# Thinking of moving to spain



## steve1910 (Apr 10, 2021)

Hi All

Quick and stupid question, thinking of moving to Spain and Im seeing lots of property's with empty swimming pools
My question is how do you fill them just via a hose from the mains or do you fill them other ways????
Here in the UK I'm on a water meter and it looks like its and expensive way to fill it

Cheers
Steve


----------



## xabiaxica (Jun 23, 2009)

steve1910 said:


> Hi All
> 
> Quick and stupid question, thinking of moving to Spain and Im seeing lots of property's with empty swimming pools
> My question is how do you fill them just via a hose from the mains or do you fill them other ways????
> ...


It depends where you live. 

In my town if you speak to the water company they will advise you as to how to fill from the tap spread over two billing periods - literally over the cut off day & that works out to cost less than any other way - even if you just turn the tap on & fill the pool at any random time it still isn't that expensive.
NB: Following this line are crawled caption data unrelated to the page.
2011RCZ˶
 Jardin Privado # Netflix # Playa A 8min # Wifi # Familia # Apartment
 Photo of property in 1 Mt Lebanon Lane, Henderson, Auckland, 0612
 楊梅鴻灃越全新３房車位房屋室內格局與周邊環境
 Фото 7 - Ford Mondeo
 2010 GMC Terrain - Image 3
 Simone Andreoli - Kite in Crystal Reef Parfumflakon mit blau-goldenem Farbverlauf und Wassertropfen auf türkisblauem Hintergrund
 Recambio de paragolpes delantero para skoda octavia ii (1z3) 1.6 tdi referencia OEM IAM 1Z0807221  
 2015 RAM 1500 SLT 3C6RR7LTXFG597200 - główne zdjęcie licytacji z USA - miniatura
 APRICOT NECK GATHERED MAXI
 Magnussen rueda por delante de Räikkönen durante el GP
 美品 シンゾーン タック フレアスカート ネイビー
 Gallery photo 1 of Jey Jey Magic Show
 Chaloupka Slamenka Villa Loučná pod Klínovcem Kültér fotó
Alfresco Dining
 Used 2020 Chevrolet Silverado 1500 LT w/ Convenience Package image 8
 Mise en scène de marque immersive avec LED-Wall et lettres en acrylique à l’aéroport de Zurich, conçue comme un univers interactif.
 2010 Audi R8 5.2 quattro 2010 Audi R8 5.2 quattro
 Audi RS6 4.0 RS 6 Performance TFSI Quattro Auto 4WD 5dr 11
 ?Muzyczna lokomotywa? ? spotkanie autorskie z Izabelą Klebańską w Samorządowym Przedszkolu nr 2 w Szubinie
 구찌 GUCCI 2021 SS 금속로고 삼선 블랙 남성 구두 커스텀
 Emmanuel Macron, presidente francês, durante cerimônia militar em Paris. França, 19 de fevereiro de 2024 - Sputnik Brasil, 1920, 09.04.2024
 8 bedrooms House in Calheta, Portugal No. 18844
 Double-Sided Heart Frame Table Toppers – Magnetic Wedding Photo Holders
All water is metred.

In other areas it isn't permitted to fill a pool from the tap & you have to have ot delivered by a tanker.


----------



## steve1910 (Apr 10, 2021)

xabiaxica said:


> It depends where you live.
> 
> In my town if you speak to the water company they will advise you as to how to fill from the tap spread over two billing periods - literally over the cut off day & that works out to cost less than any other way - even if you just turn the tap on & fill the pool at any random time it still isn't that expensive. All water is metred.
> 
> In other areas it isn't permitted to fill a pool from the tap & you have to have ot delivered by a tanker.


Thanks for the update* xabiaxica*


----------



## xicoalc (Apr 20, 2010)

With the amount of rain we've had in the last week, you may find that those empty pools are full now. So a good time to move and save money!!!


----------